С мыслью о том, что сам он умер, Джей уже волей-неволей свыкся. С тем, что покойники могут сидеть вокруг огня, пить вино и уплетать ароматную оленину, если и не свыкся, то хотя бы смирился. Но то, что умереть можно и не единожды…
– Еще с каким характером! – ехидно подтвердил тяжеловесный крепыш. – Сама позовет, сама всему и научит…
– Особенно Дженни, – подхватил кареглазый. – Вот кому вечность пошла на пользу. Так поначалу всего робела – а теперь любого из нас приструнит…
По мнению Джея, хрупкая Дженни не могла бы приструнить и божью коровку – не то что этих быстрых на дружеское подтрунивание мужчин. Они склоняли перед ней голову не по ее велению, а своей волей… потому и подшучивали – не над нею, над собой.
– И будет права. А я ей помогу, – заметил темноволосый, грызя травинку, чтобы скрыть улыбку.
– Государь! – возмутилась девушка. – Да вас первого… – Она решительно обернулась к Джею. – Вы их не слушайте, правда! Они же просто дразнятся! Хуже мальчишек, честное слово!
– Так и должно быть, – задумчиво произнес Джей. – Мальчишка и вполовину таких глупостей натворить не может, как взрослый.

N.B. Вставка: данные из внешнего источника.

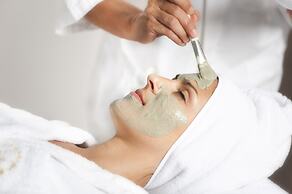 Wellness Parc Hotel Ruipacherhof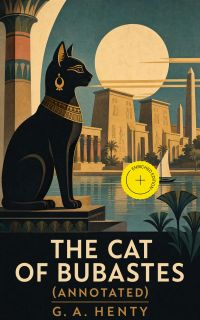 The Cat of Bubastes (Annotated)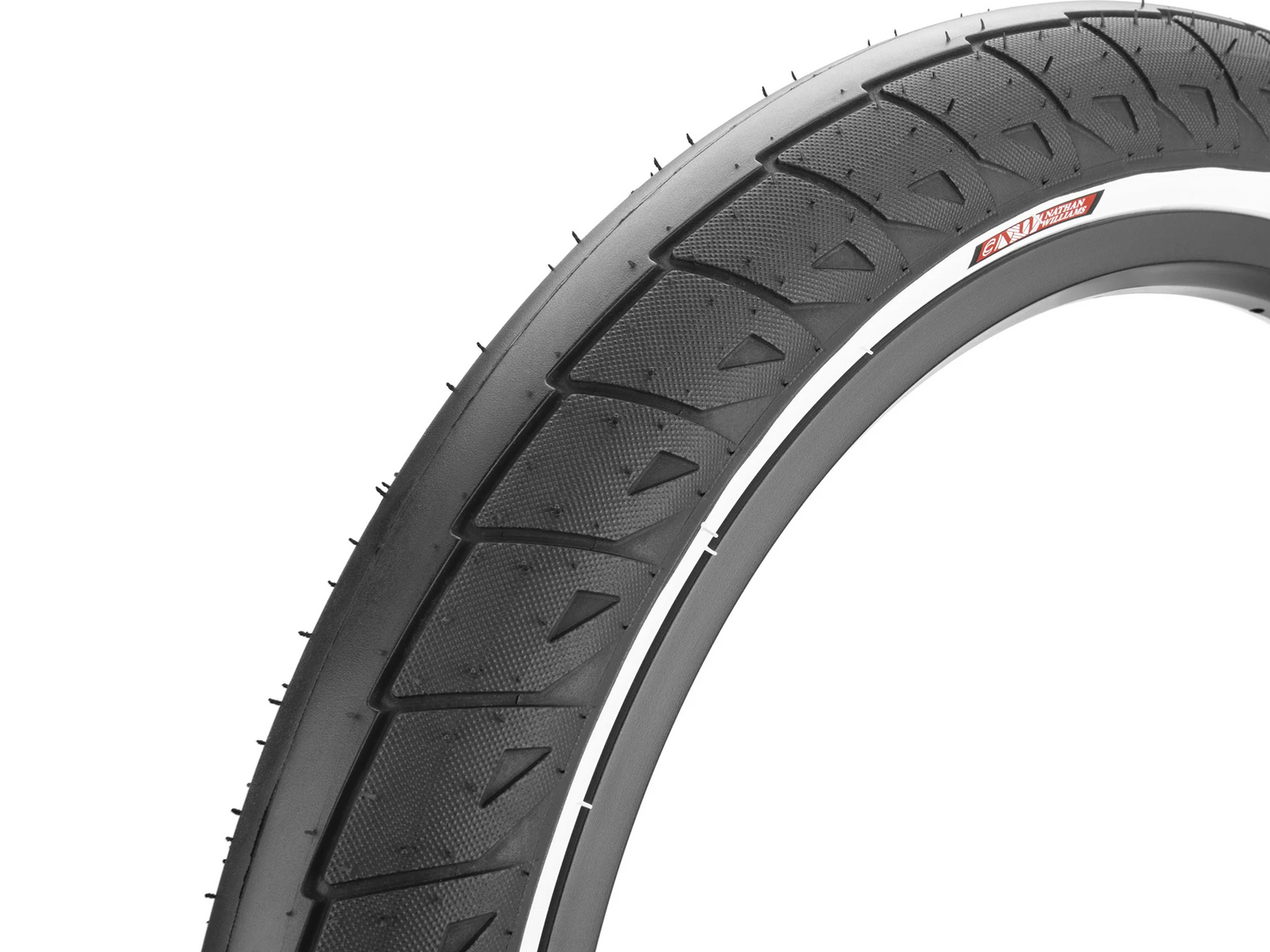 Cinema Williams Tyre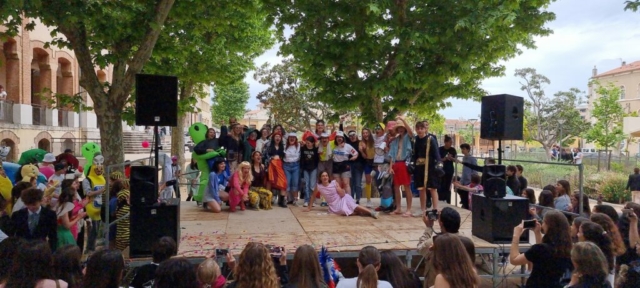 école privée - collège privé - lycée privé - segpa, HPI, EIP - Toulon, Ollioules, La Seyne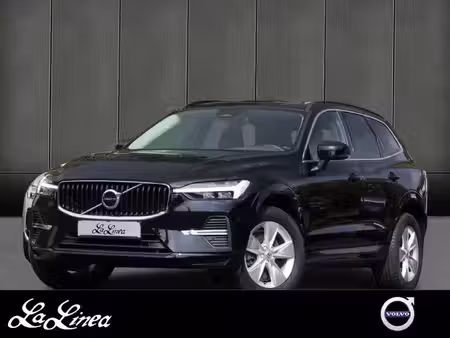 Volvo XC60 2.0 4x4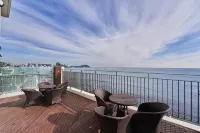 Busan Songjeong Play Pool Villa Pension - Pensiones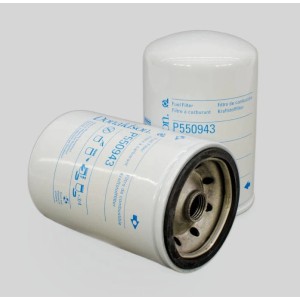 Donaldson Fuel Filter Spin-on Secondary P550943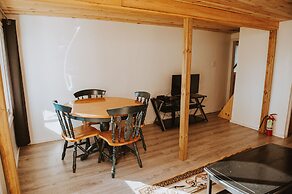 Lang Lake Resort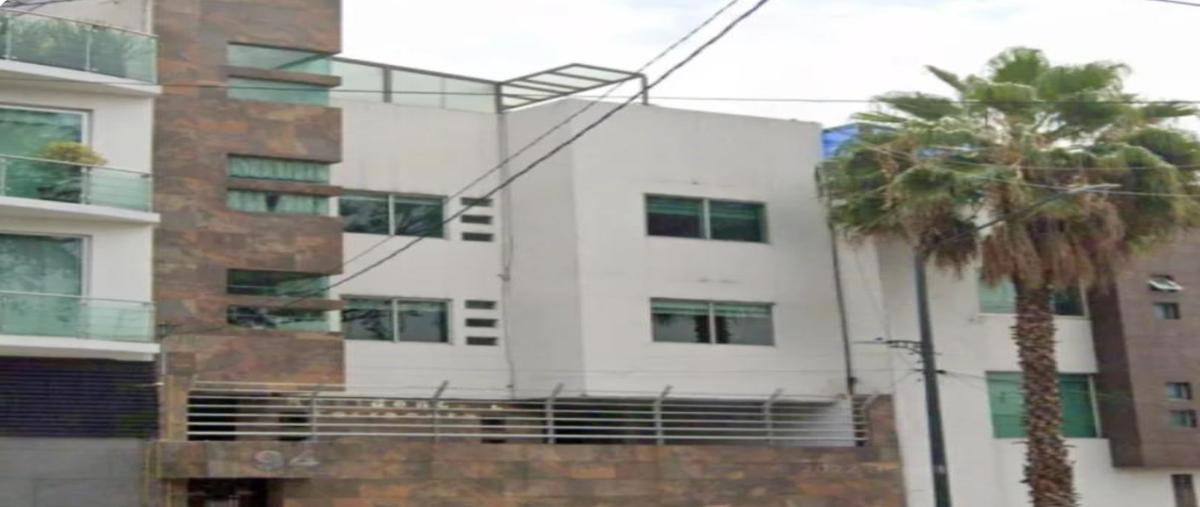 Foto de departamento en venta en  , clavería, azcapotzalco, df / cdmx, 0 No. 03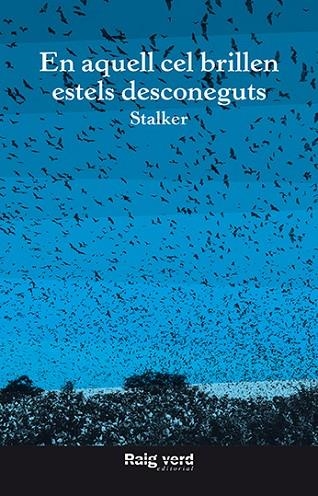 EN AQUELL CEL BRILLEN ESTELS DESCONEGUTS | 9788416689620 | STALKER | Llibreria La Gralla | Librería online de Granollers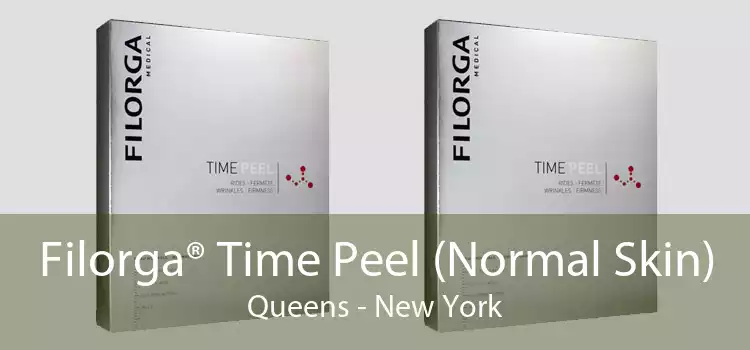 Filorga® Time Peel (Normal Skin) Queens - New York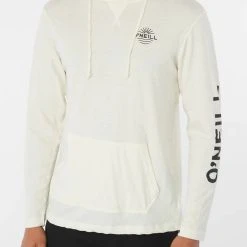 O'Neill TRVLR HOLM SNAP KNIT PULLOVER -O’Neill shop SU2103201 crm 3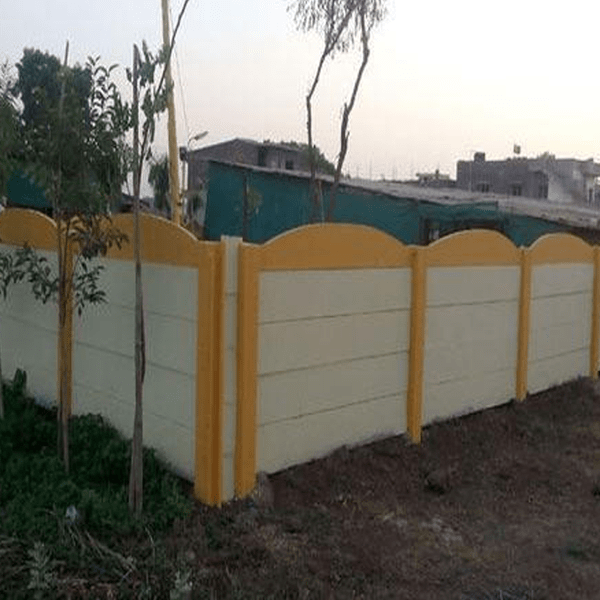 Precast Wall Manufacturers in Alwar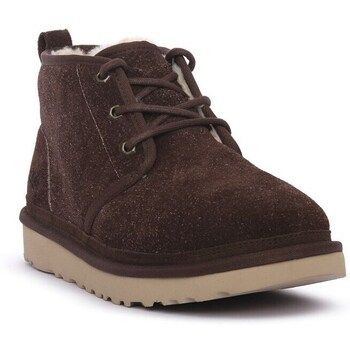 UGG Botines Neumel Shaggy Burnt para hombre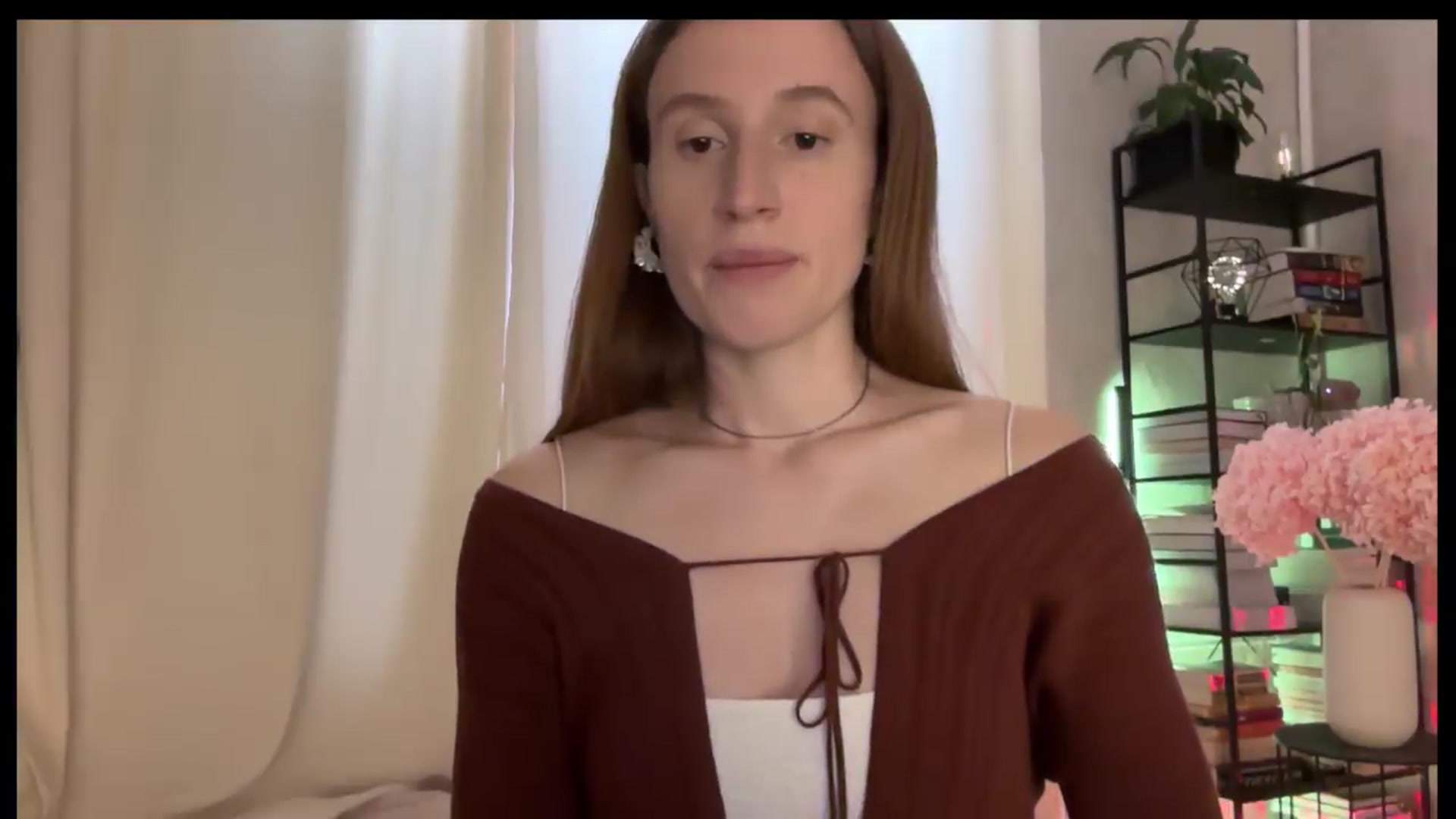 Gallery image thumbnail from LovelyBvnny's myfreecams stream on, 05/09/2026, 13:51 image 4 of 20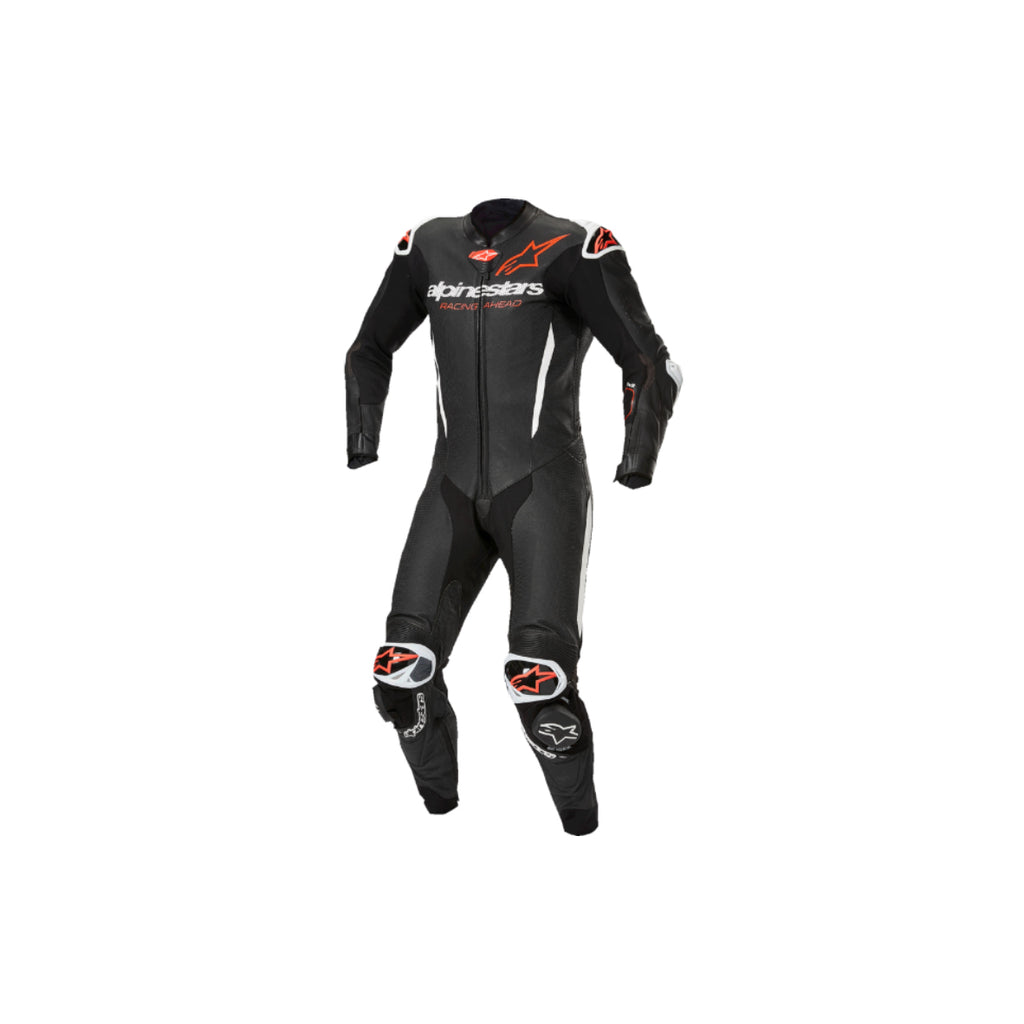 Traje de Cuero Alpinestars GP-R7 de 1 Pieza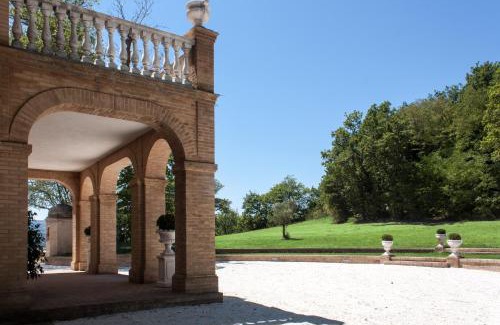 Tolentino Casa | Villa Nena
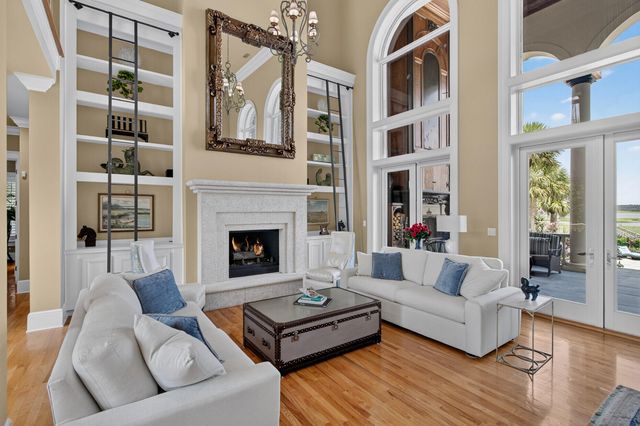 4145 Colonel Vanderhorst Circle, Mount Pleasant, SC 29466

Я, во всяком случае, точно не мог.
Шутка слетела с языка удивительно легко – и Джей совсем не удивился этой легкости. Кем бы ни были эти люди – он один из них. Он не мог бы сказать, откуда взялось это знание и в чем выражалось это сродство, но ощущал его так же явственно, как собственное тело.
Светловолосая Дженни вздохнула так глубоко, словно только сейчас осознала, что она здесь единственный взрослый, рассудительный человек. Ответом ей были семь смущенных улыбок.
– Наверное, вы все затем и хотите поскорей вырасти. – Дженни тоже не смогла удержать улыбку как ни старалась. – Чтобы наделать побольше глупостей.
– Вы совершенно правы, моя леди, – сокрушенно подтвердил темноволосый Эдон.
На сей раз Дженни расхохоталась первой.
– Садитесь же, – настойчиво произнесла она, вновь обернувшись к Джею.
– Вот-вот, – поддержал ее седой. – Садитесь к огню. И не спорьте больше. Сестер надо слушаться! Тем более старших.
Сестер? Да еще старших?! Джей готов был ручаться, что Дженни моложе его лет на семь…
– Но у меня нет никаких сестер, – только и смог выдавить из себя ошарашенный Джей.
– А вот это, – очень серьезно произнес Эдон, устремив на него взгляд своих удивительных серебристых глаз, – вам только кажется.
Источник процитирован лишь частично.